▶ WHAT YOU SHOULD DO:
In the copy you make, keep each entry exactly as it is and leave out all images.

▶ Web page caption snippets:
##########

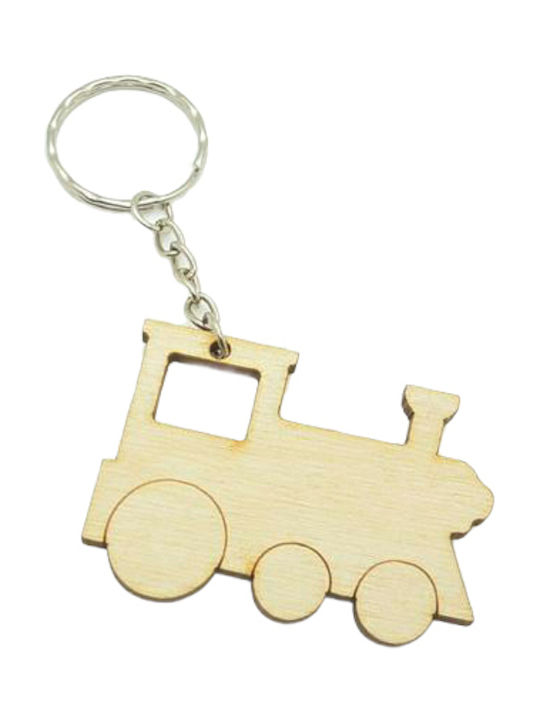 Onwood Keychain Lemn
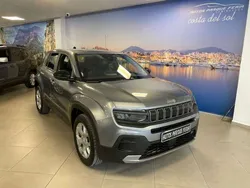 Gris Usado 2024 Jeep Avenger Altitude SUV | 22.990 € (Caro)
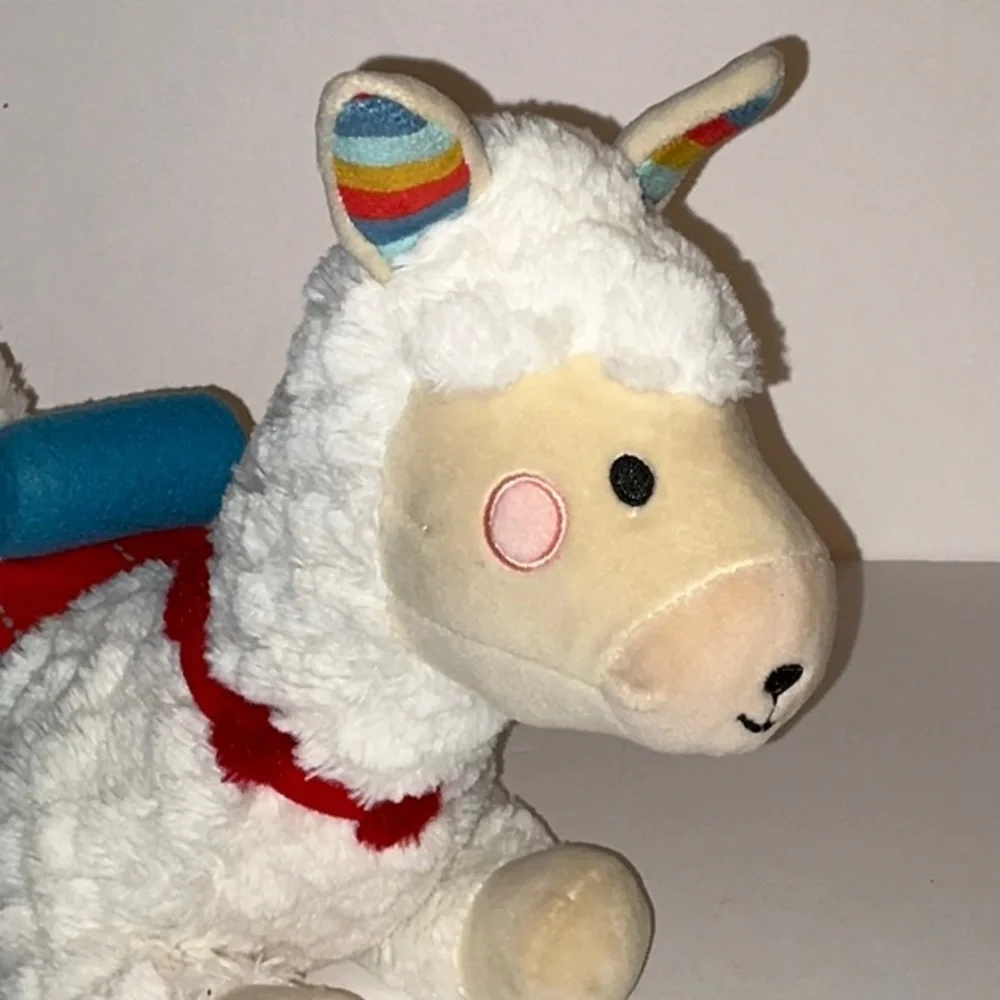 FAO Schwarz, Llama/Alpaca Stuffy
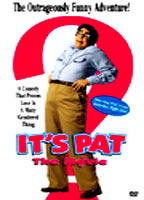 It's Pat (1994) Обнаженные сцены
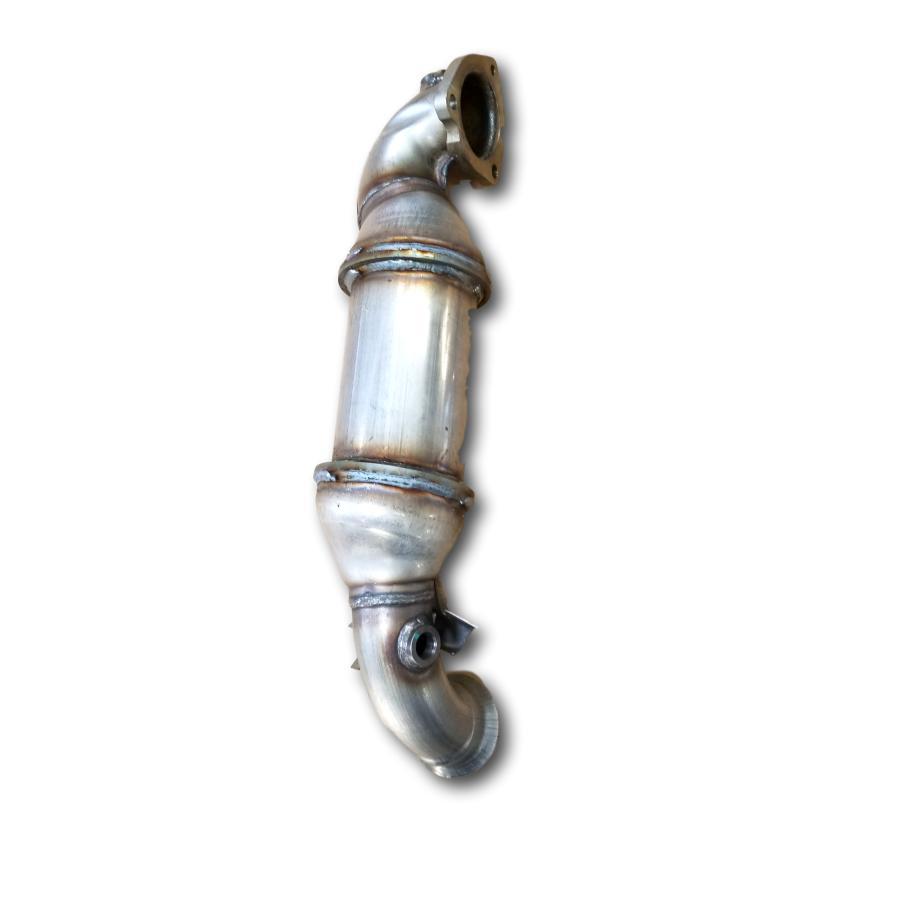 Mini Cooper S 2007 2015 Catalytic Converter 1.6L TURBO BANK 1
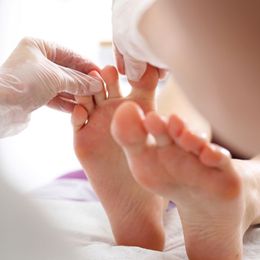 Foot Care Is Critical If You Have Diabetes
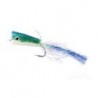 Pearly Popper Blue White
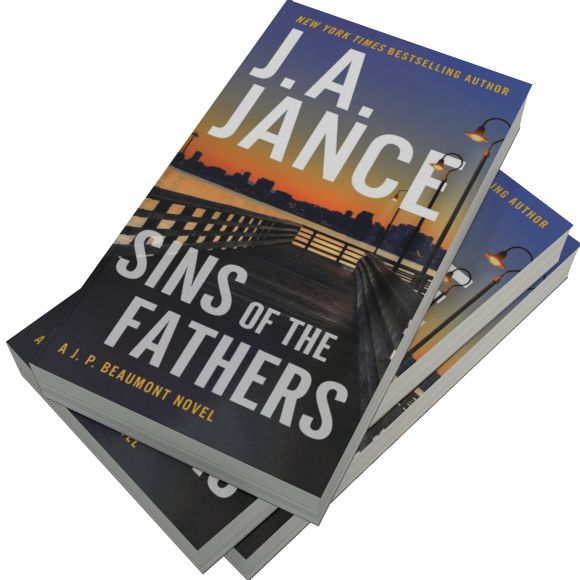 Sins of the Fathers (J. P. Beaumont Series #24)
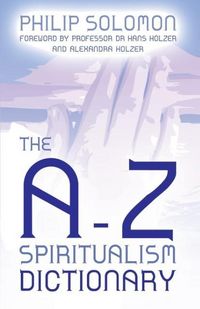 Produktbild: The A-Z Spiritualism Dictionary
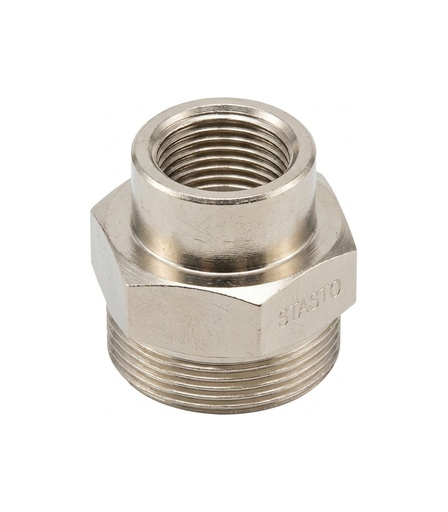 Female to female reducer coupling Series TH13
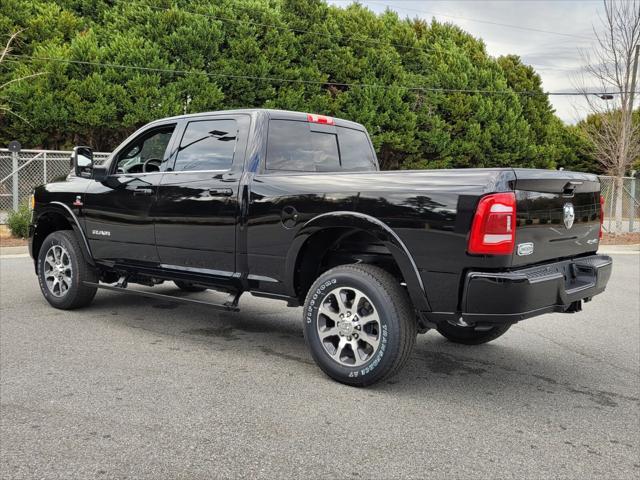 new 2024 Ram 2500 car, priced at $79,546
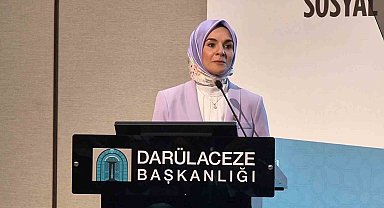 Aile ve Sosyal Hizmetler Bakanı Mahinur Özdemir Göktaş: "Sosyal devlet anlayışımızı güçlendiriyoruz"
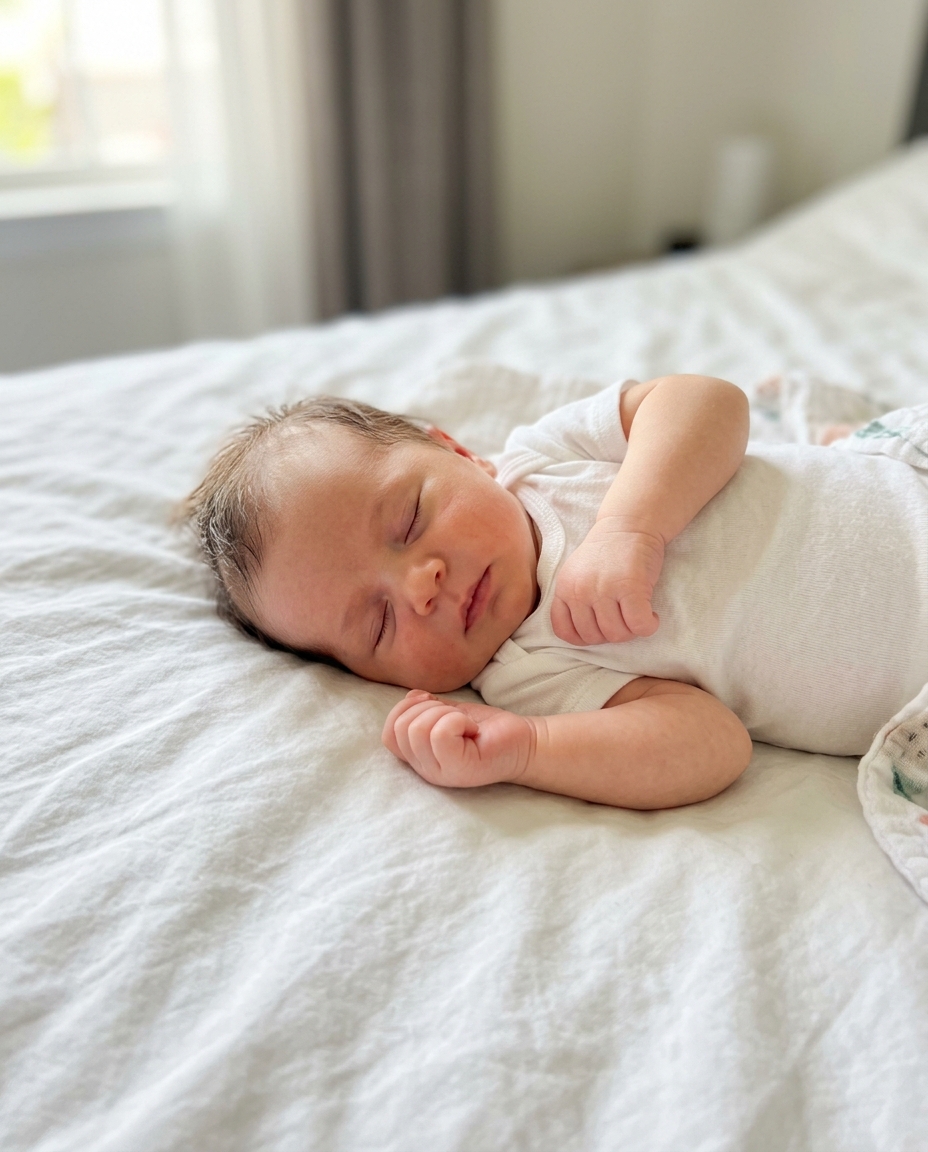 Everyday Baby Phone Photo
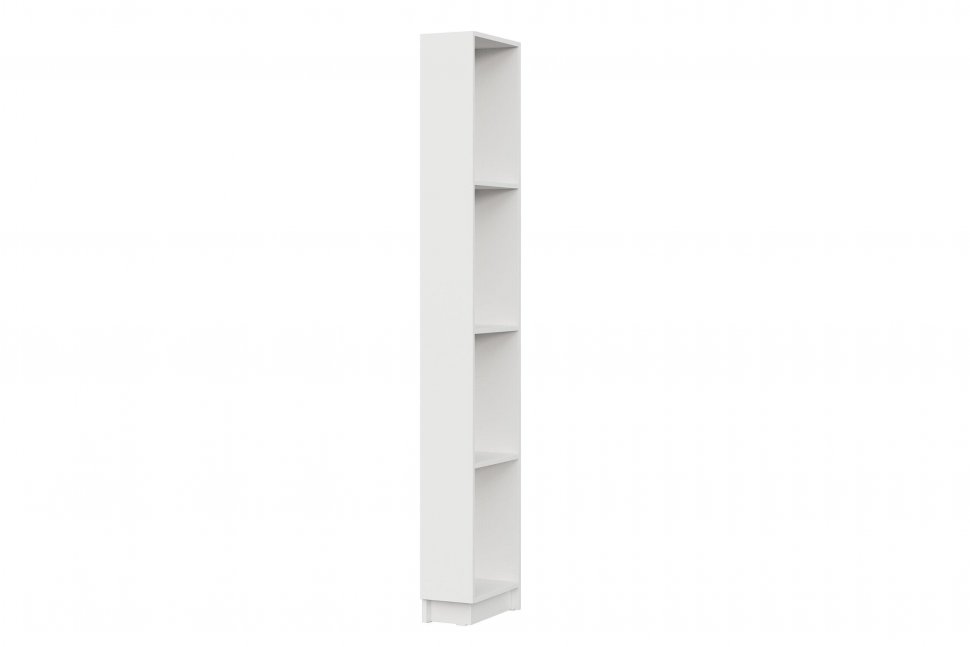 Угловое завершение Бали, Белый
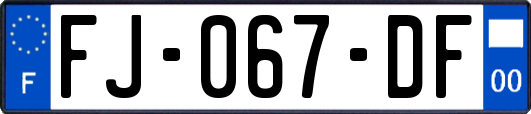 FJ-067-DF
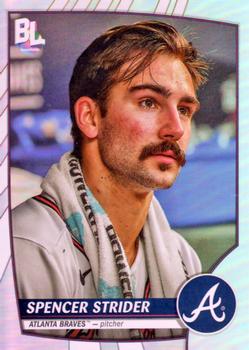 2023 Topps Big League #227 Spencer Strider Front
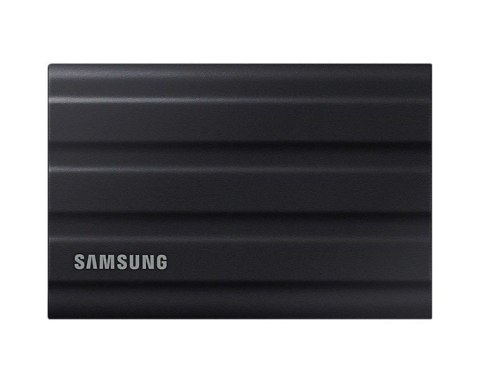 Dysk SSD T7 Shield 1TB USB 3.2, czarny Dysk SSD T7 Shield 1TB USB 3.2, czarny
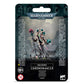 Games Workshop - Warhammer 40,000 - Necrons Chronomancer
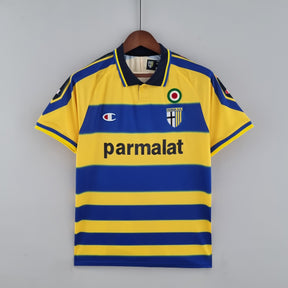 PARMA I 99/00 HOMBRE (RETRO) - Vitrine Futebolística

##########

▶ RESULT:
 Onwood Keychain Lemn
 Gris Usado 2024 Jeep Avenger Altitude SUV | 22.990 € (Caro)
 FAO Schwarz, Llama/Alpaca Stuffy
 It's Pat (1994) Обнаженные сцены
 Mini Cooper S 2007 2015 Catalytic Converter 1.6L TURBO BANK 1
 Foot Care Is Critical If You Have Diabetes
 Pearly Popper Blue White
 Sins of the Fathers (J. P. Beaumont Series #24)
 Produktbild: The A-Z Spiritualism Dictionary
 Female to female reducer coupling Series TH13
 new 2024 Ram 2500 car, priced at $79,546
 Aile ve Sosyal Hizmetler Bakanı Mahinur Özdemir Göktaş: "Sosyal devlet anlayışımızı güçlendiriyoruz"
 Everyday Baby Phone Photo
 Угловое завершение Бали, Белый
 FJ-067-DF
 2023 Topps Big League #227 Spencer Strider Front
 Dysk SSD T7 Shield 1TB USB 3.2, czarny Dysk SSD T7 Shield 1TB USB 3.2, czarny
 Games Workshop - Warhammer 40,000 - Necrons Chronomancer
 PARMA I 99/00 HOMBRE (RETRO) - Vitrine Futebolística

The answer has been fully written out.